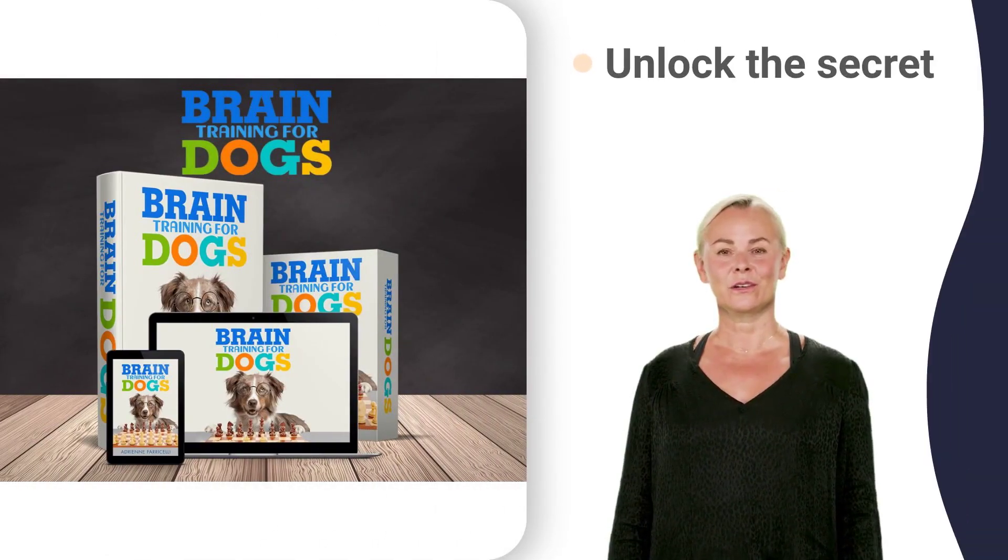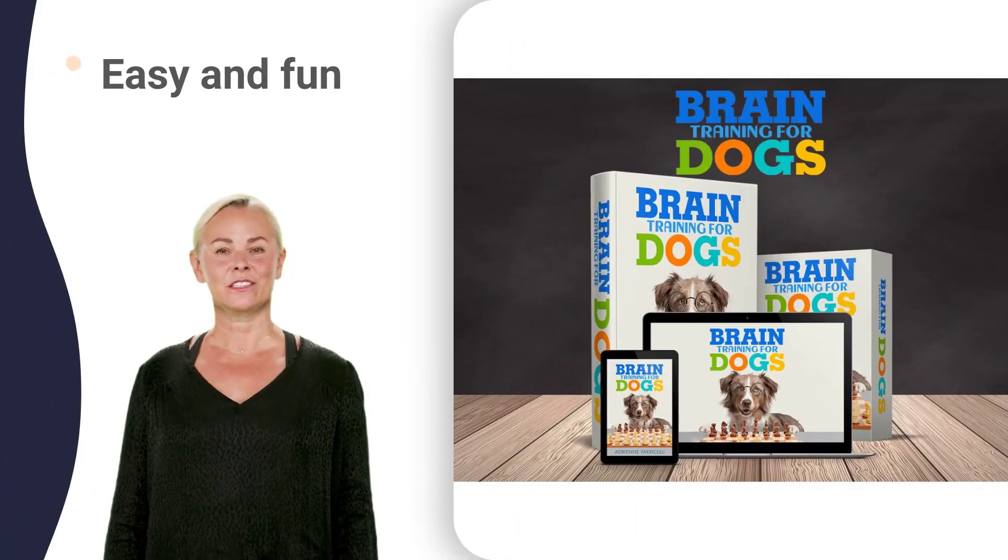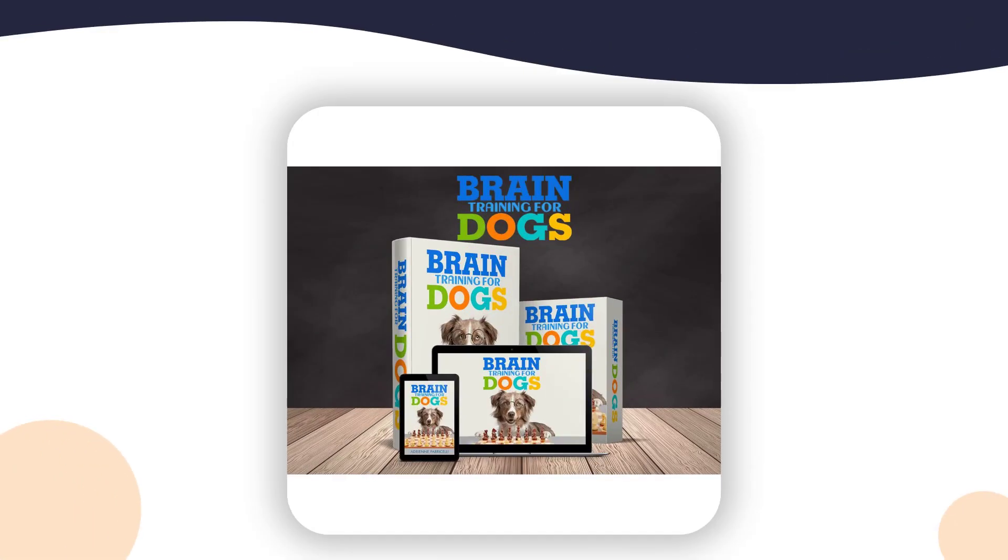We'll show you how to train your dog to listen to you and obey commands at any age. This is an amazing way to unlock the secret to using your dog's natural intelligence to stop bad behavior. It's easy and fun. Learn how to harness your dog's natural intelligence so they learn what is acceptable and unacceptable behavior.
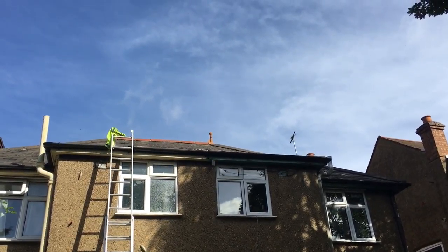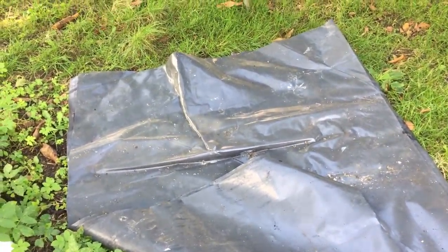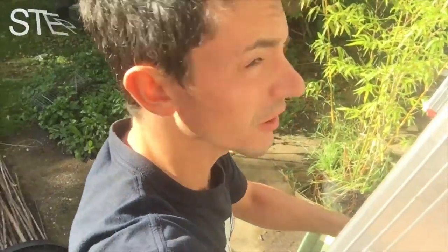Today's bodge: fix the whole flat roof with this leftover plastic. Step one — drag said plastic onto the roof.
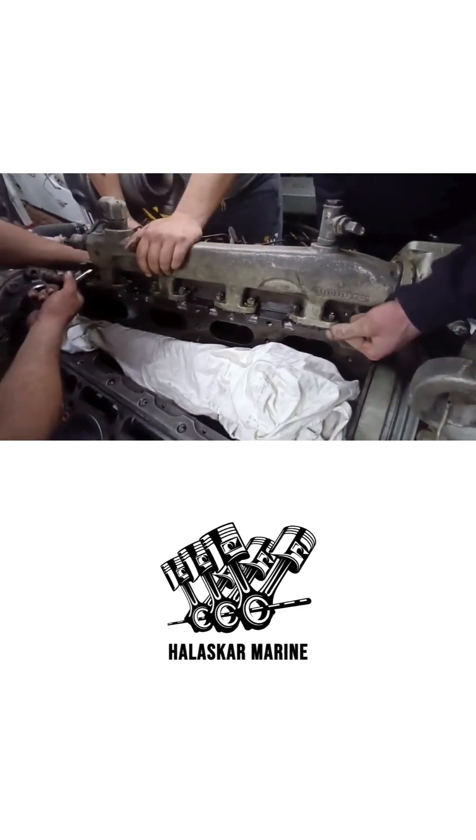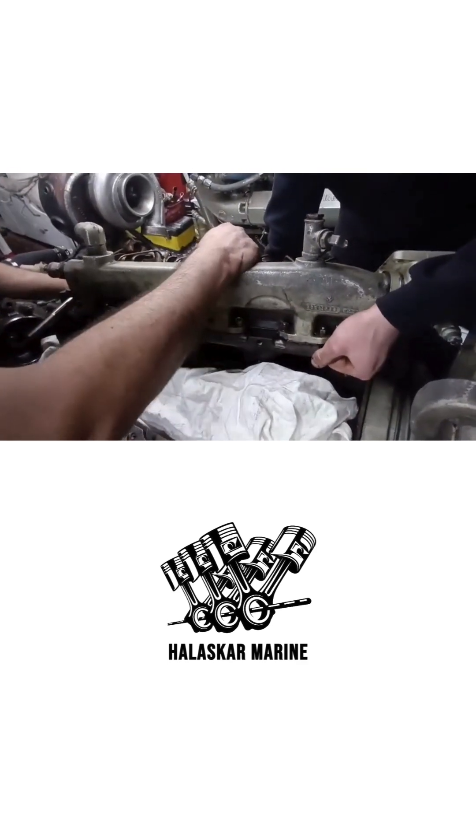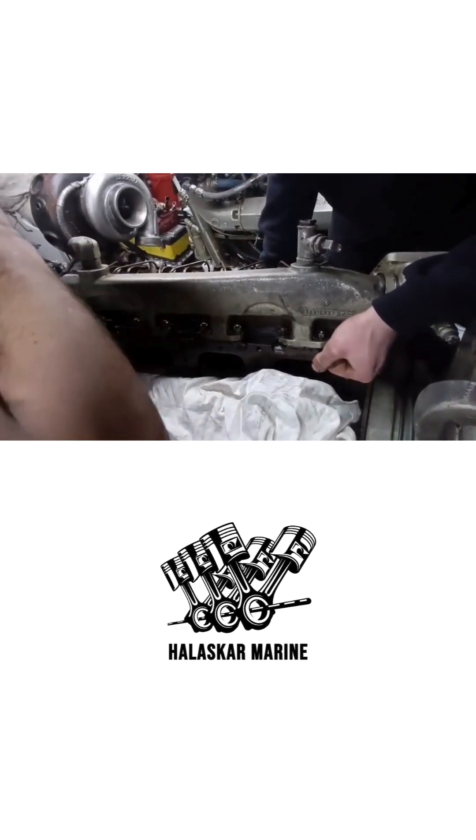When installed correctly, the cylinder head completes the upper structure of the engine, allowing the 8V92TTA to operate with strong compression, controlled temperatures, and dependable marine performance under continuous load.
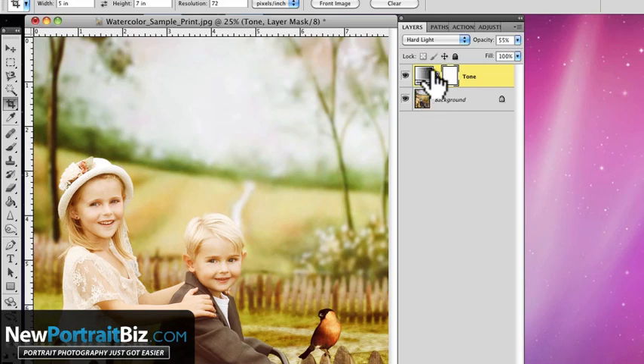You can also create a Photoshop action from this if you have a certain tone you like, collapsing all those steps into one. Maybe I'll do a video later showing how to do that. But the main takeaway here is: just add a gradient map adjustment layer and start playing around with your foreground and background colors to get a bunch of different looks. That's going to wrap it up — I'm Scott with NewPortraitBiz.com. Subscribe to our YouTube channel or head to newportraitbiz.com/blog to get more videos like this.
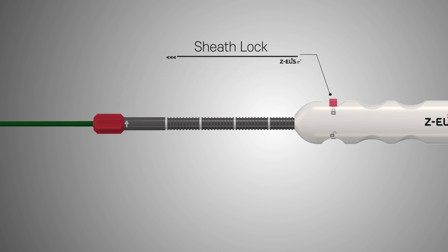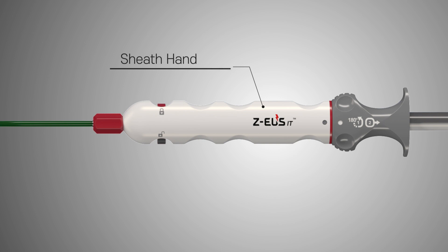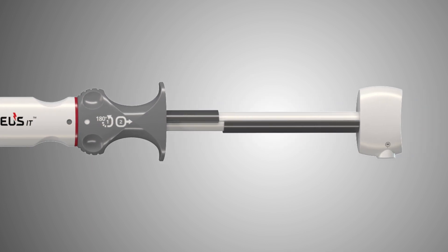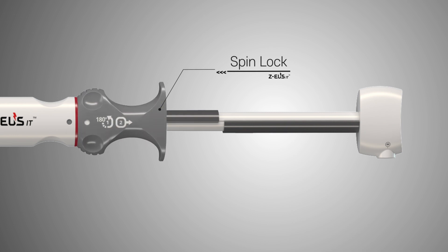The sheath lock is to prevent unintentional puncture before placement. The sheath handle is used to advance the delivery system into the targeted location. The spin lock is to prevent unintentional deployment of the stent. To unlock the stent deployment spin lock, rotate 180 degrees in any direction.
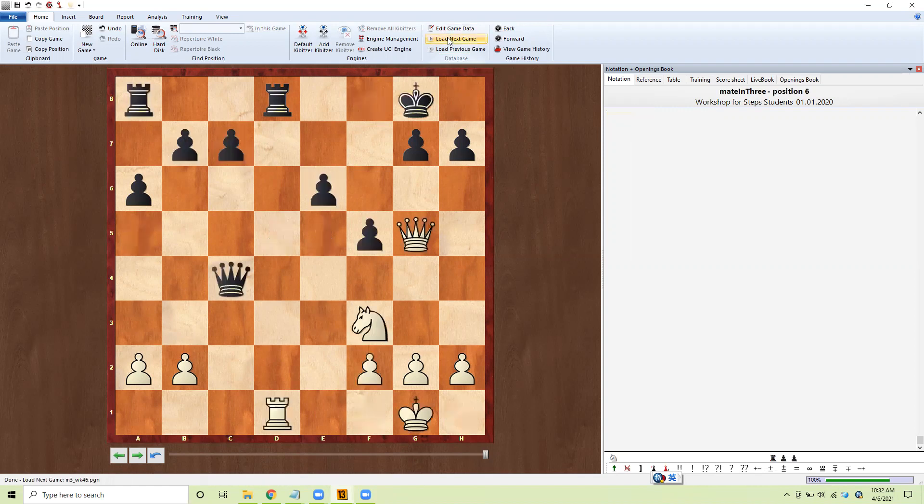Number six. Take the rook, check, he takes, take the check again, he comes out, then check here — mate.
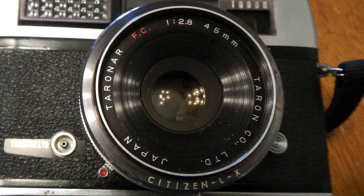It has a coated Teronar 45mm lens. It goes from f2.8 to f22. That's mounted in a Citizen LX leaf shutter, which goes from a 30th to a 250th of a second plus bulb. It's a little bit odd that they used a Citizen shutter, because Teron started as a shutter company. It has a selenium meter, coupled to the shutter and the aperture.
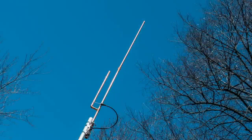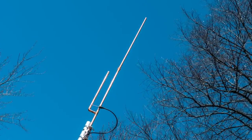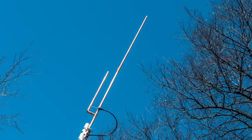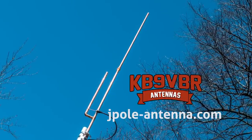You really shouldn't have a problem. The key question is: does the screen improve bandwidth on 80 meters? That's something we really need to look into. KB9VBR antennas are simple, effective, and affordable VHF and UHF antennas for amateur radio, MERS, public safety, and GMRS. Made in the USA with quality parts — get yours online at jpole-antenna.com.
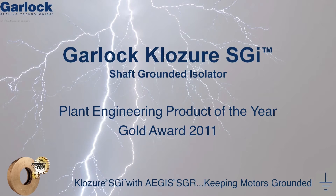For 125 years, Garlock has been committed to innovating products to meet customer needs and protect their investments. Following this commitment of innovation, the Shaft Grounded Isolator, the SGI, was launched in January of 2011 and won the 2011 Gold Award for Plant Engineering Product of the Year. This video explains how the SGI will extend the life of your variable frequency drive controlled motor.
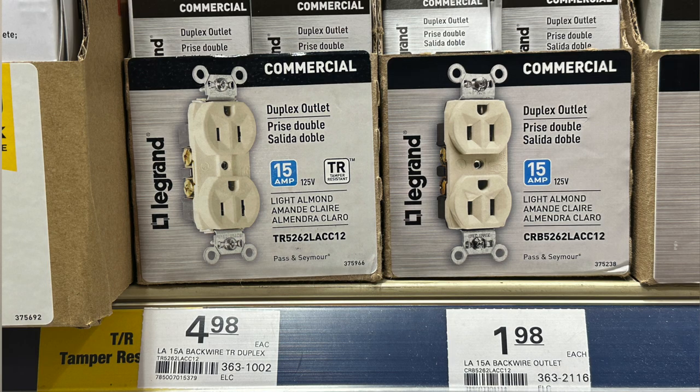Number two goes to price. The vast majority of homeowners, and rightfully so, are price sensitive. When we look at these commercial grade Legrand outlets — 15 amp, same type of outlet — one is standard and one is tamper resistant. You have $1.98 for the standard, so two bucks, and then $4.98 or five bucks for the tamper resistant. You are more than doubling your cost for the tamper resistant feature, which I can see for most homeowners is a tough pill to swallow. So let's actually open up the tamper resistant and show you what that additional three dollars gets you, which will dovetail right into our third point on why people are not using tamper resistant outlets.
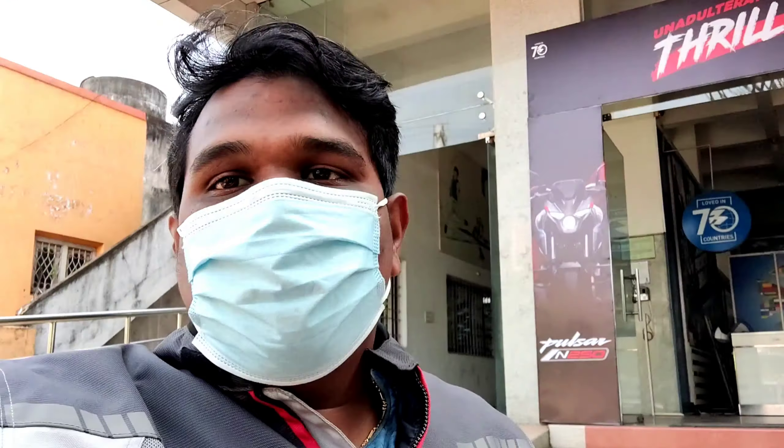Hello guys, I am from the channel. I am going to follow my friends' video. We are going to check the showroom — the Varun Bajaj showroom at the junction. We will review the N250 Pulsar.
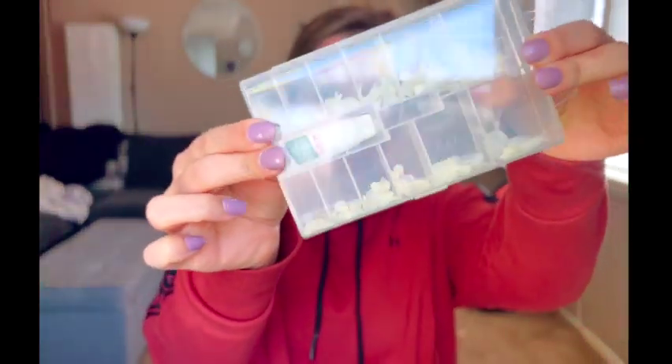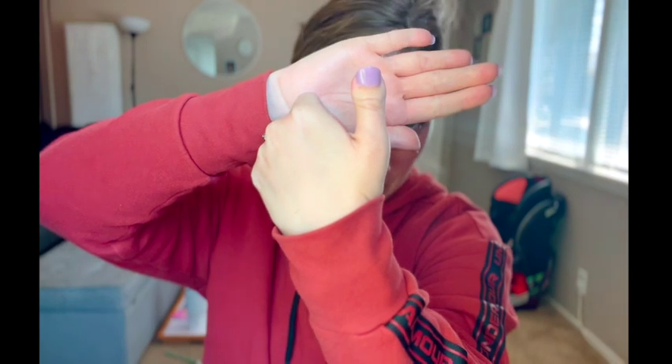I bought these from Amazon — they are the Kiss brand toenails. Yes, toenails. I did not use them on my feet, I use them on my thumbs. And they turned out great — you can see that on the sides it covers my entire thumb.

▸ REQUIRED ACTION: Repeat exactly the stretch of the listing above that starts with the line holding "The sheath lock" and finishes with the line holding "You really shouldn't", both included. Skip every picture.

▸ TASK ANSWER:
The sheath lock is to prevent unintentional puncture before placement. The sheath handle is used to advance the delivery system into the targeted location. The spin lock is to prevent unintentional deployment of the stent. To unlock the stent deployment spin lock, rotate 180 degrees in any direction.
Number six. Take the rook, check, he takes, take the check again, he comes out, then check here — mate.
It has a coated Teronar 45mm lens. It goes from f2.8 to f22. That's mounted in a Citizen LX leaf shutter, which goes from a 30th to a 250th of a second plus bulb. It's a little bit odd that they used a Citizen shutter, because Teron started as a shutter company. It has a selenium meter, coupled to the shutter and the aperture.
You really shouldn't have a problem. The key question is: does the screen improve bandwidth on 80 meters? That's something we really need to look into. KB9VBR antennas are simple, effective, and affordable VHF and UHF antennas for amateur radio, MERS, public safety, and GMRS. Made in the USA with quality parts — get yours online at jpole-antenna.com.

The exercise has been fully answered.